An essay about Gaza, about leaving, and about carrying memories.
I always thought of Gaza as a place where time folded in on itself. A closed world – dense, familiar, overwhelming – where you grow too fast or not at all.
I was the child my aunts, my older cousins, and even my friends’ mothers would pull into conversations about family issues, relationships, and everyday problems.
My teacher called me “the sharpened tongue”, not because I was rude, but because I refused to be shaped into someone softer, quieter, more acceptable.
Sometimes, I slipped into the moments that reminded me I was a child – like sewing tiny clothes for my Barbies with my cousins.
But usually, I hovered somewhere between the world of children who didn’t quite understand me and the world of adults whose conversations I somehow understood.
On Fridays, my family used to drive from our neighbourhood in as-Sudaniya down the coastal al-Rashid Street to Rafah – about an hour’s drive.
One of those days, Gaza felt less like a cage, more like a home.
I was 12, and my siblings and I joked about old memories – the way my brother used to mispronounce words, the tiny disasters that became inside jokes only we understood.
I always knew I would leave. I remember a family gathering when every girl my age was asked where she planned to study – in Gaza, they meant, naming local universities as if the question had no other geography.
When it was my turn, I blurted: “Study in Gaza? I’m going abroad. I’ll be a journalist like my father.”
Some people encouraged me. Others laughed. But I already felt the world outside calling.
The world calling
When I left Gaza in 2019 at 17 to study international relations, it was the first time I flew on my own, and because I was under 18, I carried a court document permitting me to travel alone.
At the Rafah crossing, I stood between my father and older brother, Omar, memorising their faces.
At every airport, I was pulled aside for extra searches because of my black passport. Officers asked why I was travelling alone, where I was going, what I planned to study – ordinary questions to them that felt like tests I had to pass to earn a life outside the only world I knew.
My first night in Cyprus, I slept more deeply than I ever had in my life.
When I woke to a loud sound, my body panicked, as if it were an explosion. I ran into the corridor only to find suitcase wheels dragging across the floor.
Then my mind caught up with my body: You’re not in Gaza anymore.
That morning, I wandered the dorms looking for a mini market. Someone told me it was in the basement, but I got lost in the corridors, trying to buy an adapter and some toast.
Everything felt unfamiliar – especially the silence.

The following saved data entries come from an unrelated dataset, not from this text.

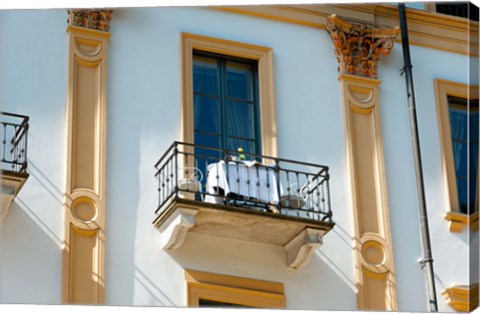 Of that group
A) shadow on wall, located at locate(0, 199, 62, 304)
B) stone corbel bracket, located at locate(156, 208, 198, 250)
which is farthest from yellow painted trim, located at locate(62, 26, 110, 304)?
stone corbel bracket, located at locate(156, 208, 198, 250)

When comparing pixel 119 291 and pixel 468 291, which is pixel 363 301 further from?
pixel 119 291

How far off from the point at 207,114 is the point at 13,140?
2.63m

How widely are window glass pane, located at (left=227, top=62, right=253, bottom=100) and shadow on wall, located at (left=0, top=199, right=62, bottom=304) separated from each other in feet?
10.8

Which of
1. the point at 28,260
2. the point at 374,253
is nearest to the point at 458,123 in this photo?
the point at 374,253

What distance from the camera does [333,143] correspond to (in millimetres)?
18672

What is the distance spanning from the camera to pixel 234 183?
1741 cm

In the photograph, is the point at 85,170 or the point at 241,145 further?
the point at 241,145

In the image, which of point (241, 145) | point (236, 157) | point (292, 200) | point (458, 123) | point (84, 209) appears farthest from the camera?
point (458, 123)

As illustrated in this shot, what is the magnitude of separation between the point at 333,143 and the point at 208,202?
2.29 metres

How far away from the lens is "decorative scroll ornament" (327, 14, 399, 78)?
1931 cm

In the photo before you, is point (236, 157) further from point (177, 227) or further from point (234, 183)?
point (177, 227)

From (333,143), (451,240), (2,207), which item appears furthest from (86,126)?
(451,240)

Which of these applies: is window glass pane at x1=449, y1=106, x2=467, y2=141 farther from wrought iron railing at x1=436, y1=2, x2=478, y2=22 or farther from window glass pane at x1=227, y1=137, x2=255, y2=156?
window glass pane at x1=227, y1=137, x2=255, y2=156

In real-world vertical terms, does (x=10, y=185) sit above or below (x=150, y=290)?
above
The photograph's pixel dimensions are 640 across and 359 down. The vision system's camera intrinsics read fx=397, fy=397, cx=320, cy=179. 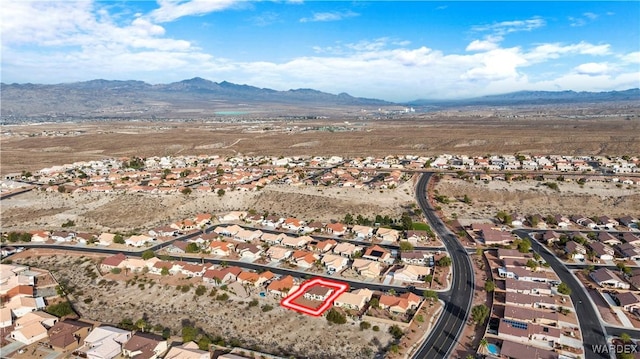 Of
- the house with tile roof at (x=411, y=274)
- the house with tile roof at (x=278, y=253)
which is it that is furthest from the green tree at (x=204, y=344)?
the house with tile roof at (x=411, y=274)

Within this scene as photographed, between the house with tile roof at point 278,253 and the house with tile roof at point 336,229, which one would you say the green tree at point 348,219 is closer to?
the house with tile roof at point 336,229

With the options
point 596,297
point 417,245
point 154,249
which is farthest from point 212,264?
point 596,297

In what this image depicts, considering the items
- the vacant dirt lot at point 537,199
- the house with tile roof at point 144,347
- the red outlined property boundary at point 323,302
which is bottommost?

Nothing hummed, nothing hovered, nothing threatened. The stillness almost frightened me.
My first real conversations were at the English prep course at the university. It was a small classroom that felt like a tiny world: Classmates from Cyprus, Turkiye, Lebanon, Morocco, Libya.
We traded words and accents, and my teacher loved how quickly I learned new vocabulary.
When I told people I am from Palestine, some heard “Pakistan”, or pointed vaguely at their maps; I showed them pictures, then places.
In classes, some asked whether we “actually had a life” there. One person asked, sincerely, if Gaza existed. The confusion wasn’t malicious; it was a vacuum in the world’s imagination where my home is.